Working data:
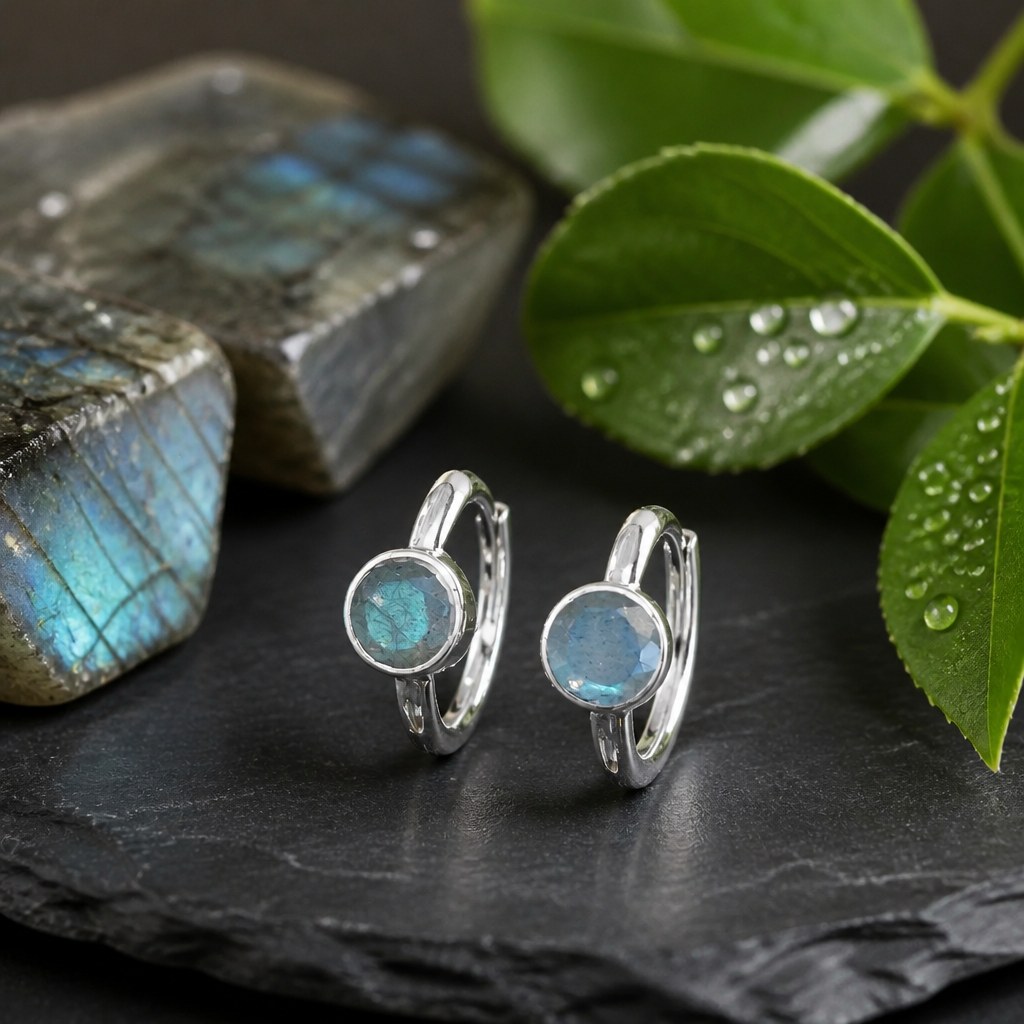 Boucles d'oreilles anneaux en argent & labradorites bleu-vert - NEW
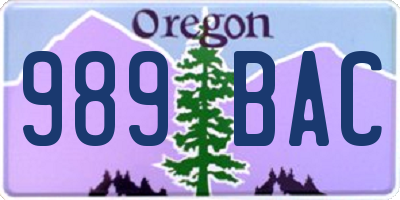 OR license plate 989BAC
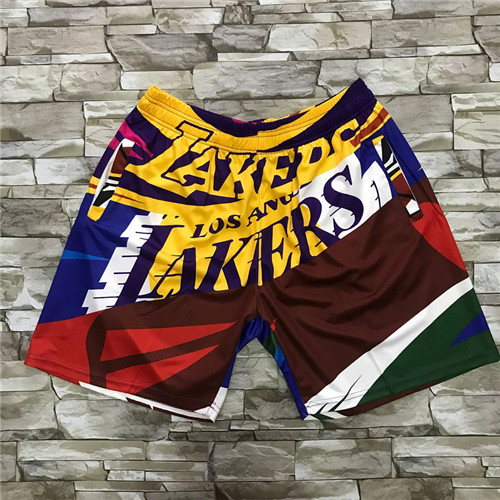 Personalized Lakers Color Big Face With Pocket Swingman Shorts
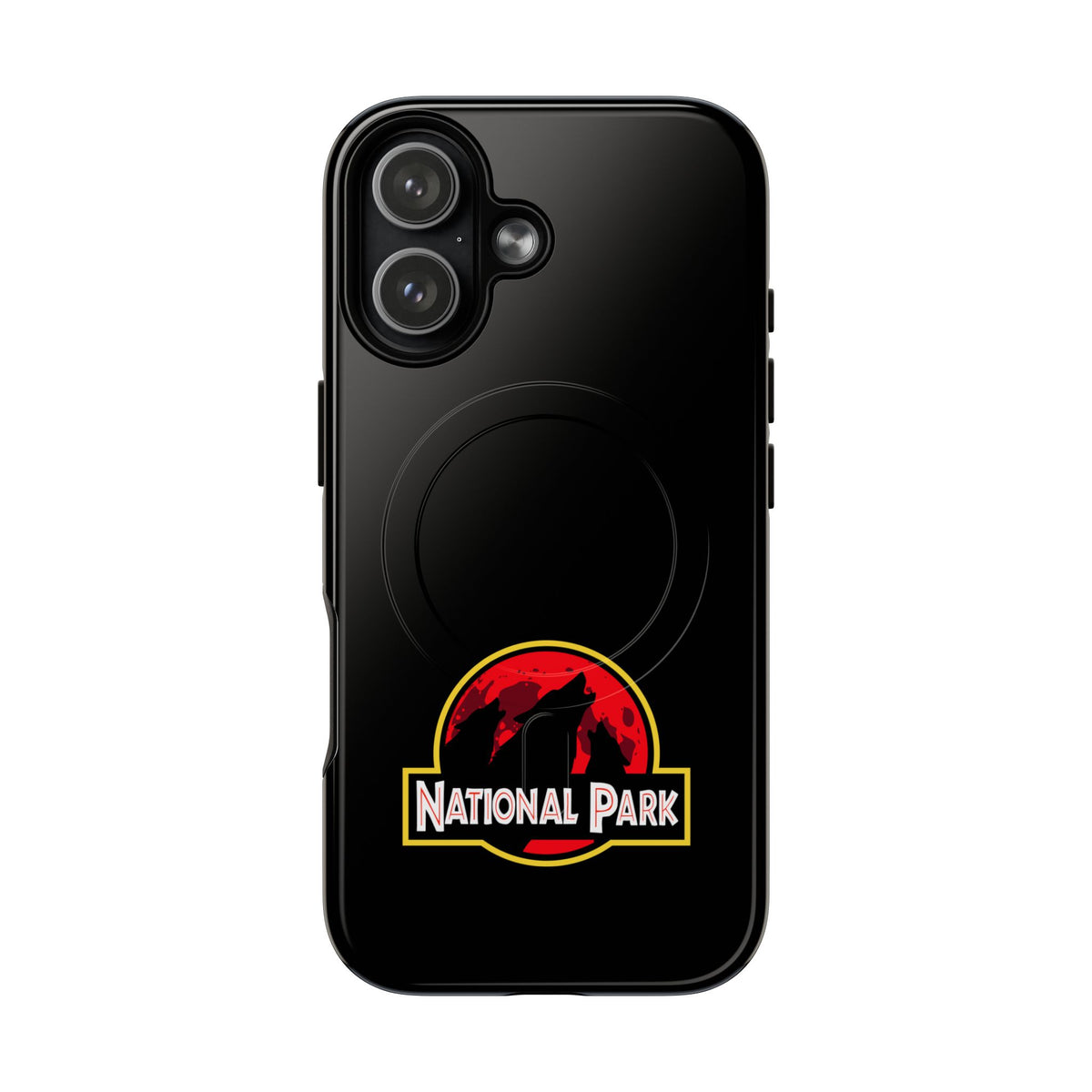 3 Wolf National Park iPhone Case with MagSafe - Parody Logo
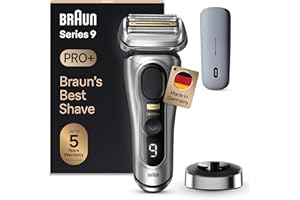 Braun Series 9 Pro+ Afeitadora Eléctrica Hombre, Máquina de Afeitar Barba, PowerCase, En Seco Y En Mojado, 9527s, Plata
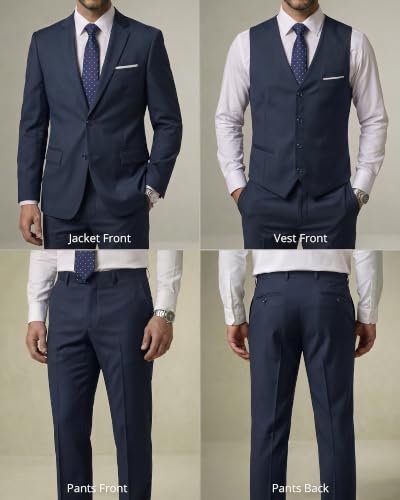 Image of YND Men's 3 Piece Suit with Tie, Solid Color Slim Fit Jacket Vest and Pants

Problem requirements: Among the entries above, take the lines from the one with "OR license plate 989BAC" through the one with "3 Wolf National" and retype them exactly, leaving out the pictures.

Response area:
 OR license plate 989BAC
 Personalized Lakers Color Big Face With Pocket Swingman Shorts
 3 Wolf National Park iPhone Case with MagSafe - Parody Logo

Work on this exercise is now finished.